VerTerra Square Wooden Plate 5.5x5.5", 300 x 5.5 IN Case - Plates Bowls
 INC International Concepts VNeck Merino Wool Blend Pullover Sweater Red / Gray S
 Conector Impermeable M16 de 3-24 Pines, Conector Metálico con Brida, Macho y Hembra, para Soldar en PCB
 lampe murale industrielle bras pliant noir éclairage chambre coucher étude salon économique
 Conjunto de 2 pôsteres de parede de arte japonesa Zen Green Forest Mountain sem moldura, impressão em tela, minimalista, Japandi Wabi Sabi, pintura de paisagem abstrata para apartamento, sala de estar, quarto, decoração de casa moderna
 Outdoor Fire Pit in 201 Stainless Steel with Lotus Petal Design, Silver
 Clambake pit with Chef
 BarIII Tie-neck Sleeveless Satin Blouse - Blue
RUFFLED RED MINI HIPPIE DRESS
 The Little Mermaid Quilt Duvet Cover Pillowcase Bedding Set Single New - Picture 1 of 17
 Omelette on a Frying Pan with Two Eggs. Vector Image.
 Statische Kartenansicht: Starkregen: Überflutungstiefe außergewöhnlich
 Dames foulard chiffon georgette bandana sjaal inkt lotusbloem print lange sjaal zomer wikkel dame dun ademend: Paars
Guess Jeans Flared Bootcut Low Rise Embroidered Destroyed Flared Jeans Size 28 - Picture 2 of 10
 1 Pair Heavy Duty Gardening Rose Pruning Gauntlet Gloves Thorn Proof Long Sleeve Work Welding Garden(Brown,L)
__________________________________________________
TASK REQUIREMENTS »
Write out each entry exactly, and omit nothing.

EXERCISE OUTPUT »
VerTerra Square Wooden Plate 5.5x5.5", 300 x 5.5 IN Case - Plates Bowls
 INC International Concepts VNeck Merino Wool Blend Pullover Sweater Red / Gray S
 Conector Impermeable M16 de 3-24 Pines, Conector Metálico con Brida, Macho y Hembra, para Soldar en PCB
 lampe murale industrielle bras pliant noir éclairage chambre coucher étude salon économique
 Conjunto de 2 pôsteres de parede de arte japonesa Zen Green Forest Mountain sem moldura, impressão em tela, minimalista, Japandi Wabi Sabi, pintura de paisagem abstrata para apartamento, sala de estar, quarto, decoração de casa moderna
 Outdoor Fire Pit in 201 Stainless Steel with Lotus Petal Design, Silver
 Clambake pit with Chef
 BarIII Tie-neck Sleeveless Satin Blouse - Blue
RUFFLED RED MINI HIPPIE DRESS
 The Little Mermaid Quilt Duvet Cover Pillowcase Bedding Set Single New - Picture 1 of 17
 Omelette on a Frying Pan with Two Eggs. Vector Image.
 Statische Kartenansicht: Starkregen: Überflutungstiefe außergewöhnlich
 Dames foulard chiffon georgette bandana sjaal inkt lotusbloem print lange sjaal zomer wikkel dame dun ademend: Paars
Guess Jeans Flared Bootcut Low Rise Embroidered Destroyed Flared Jeans Size 28 - Picture 2 of 10
 1 Pair Heavy Duty Gardening Rose Pruning Gauntlet Gloves Thorn Proof Long Sleeve Work Welding Garden(Brown,L)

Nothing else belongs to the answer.